Chokh’s enterprise, Atahkim Mahayuddha, goes to the other extreme on the scale of difficulty by condensing some of the early books of the Mahabharata into two hours on stage. If anything, this is a more difficult job than expanding a poem, for how does one decide what to leave out? All performance editions of our grand epic invariably succumb to this weakness, the greatness of the régisseur not reducing the criticism, as Peter Brook discovered after his versions.

The dramatist-director, Abhijit Kar Gupta, lessens the load considerably from Vyasa’s full eighteen parvas, by examining only the reasons for the Kurukshetra war, ending as it begins, so as to extrapolate them on the causes of conflict in our times. But how comprehensive can even this brief be? If we omit the Adi, Vana and Virata parvas as extraneous to this purpose, two entire parvas remain, the Sabha and Udyoga, just these two totalling, for instance, 1,300 pages in P. Lal’s complete verse translation. Despite editing out digressions, how much of this sprawl can one production retain?

Kar Gupta also seems to rationalize the “glorious war” as justifiably good versus evil — the traditional and rather simplistic view. If he reads the Udyoga parva closely, he will find a much more complex scenario on the ground. The Pandavas fight for their rightful inheritance no doubt, but the Kauravas have the letter of the law on their side (Pandu did not father his five sons) and cannot afford to set a legal precedent. Furthermore, every major debater in the negotiations mouths intriguing sophistries and highly sophisticated arguments, many of which Kar Gupta lets slip.

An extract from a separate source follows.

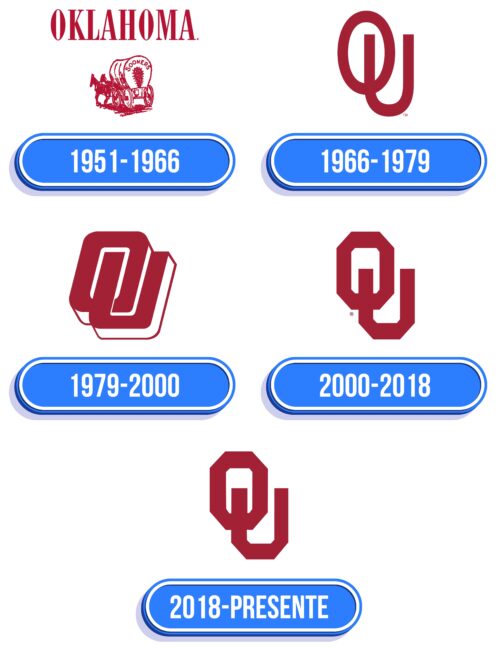 Oklahoma Sooners Logo Historia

He interprets the Pandavas as oppressed by “a totalitarian state which attempts to obliterate (their) very identity”. In doing so, he does provide a fine sense of the futility of pacifist moderation and the inexorability of the war. Among the cast of around twenty characters, we notice the unconventional representations of Arjun and Bhim, breaking out of their stereotypical physical attributes, whereas the other important characters in this dramatization (Krishna, Dhritarashtra, Gandhari, Vidur, Shakuni, Yudhishtir, Duryodhan, Draupadi) stay more or less true to type.